The majority of the old buildings in Arkalohori sustained heavy damage and were deemed unsafe. Tents were also set up at villages along the municipality of Minoas Pediadas, where hundreds of homes have been damaged.
The Athens Geodynamic Institute said the 5.8 magnitude quake struck at 9:17 a.m, with an epicenter 246 kilometers south southeast of the Greek capital, Athens.
Greece’s Climate Crisis and Civil Protection Ministry said one man had been killed. He was a 65-year-old worker who had fallen from the roof of the church of the prophet Elijah, which partially collapsed due to the earthquake. The son of the deceased, who was nearby in the chapel, remained intact.

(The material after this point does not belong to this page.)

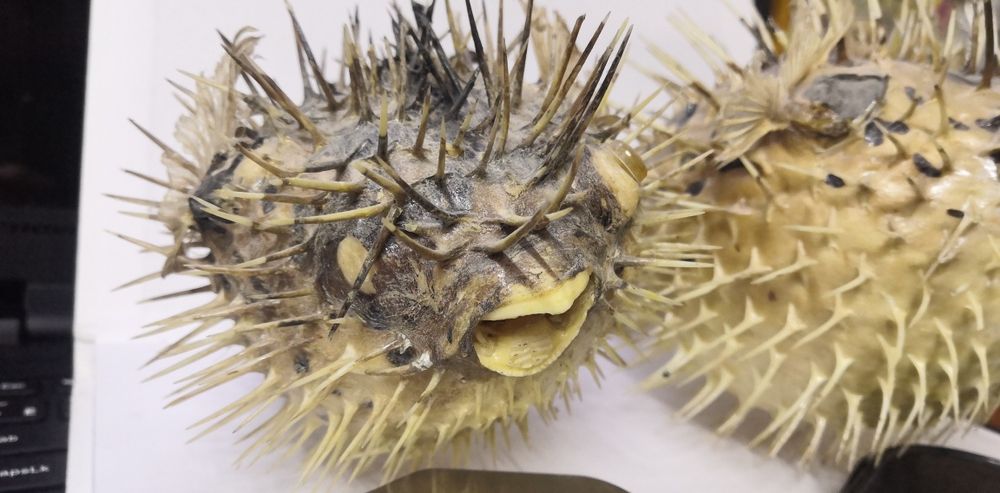 Продам чучело рыбы фугу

Huge stones fell on the road near the car that drove past the temple at the time of the tremors.
“A miracle has happened, and we must light a candle to the Virgin Mary,” the driver Yannis Maragakis told reporters. “At the turn, the car shook, I thought that I had a flat tire, slowed down and drove to the right to stop. And then I saw a spinning stone, a cloud of dust, and then I saw nothing but falling stones. The only way we suffered was that our companion was injured, fortunately it was not serious – out of panic she got out of the car, and she was hit with a stone on the head.”
During the earthquake, the Church of St. Photinia in Roussochoria, closer to the center of the island, received significant damage.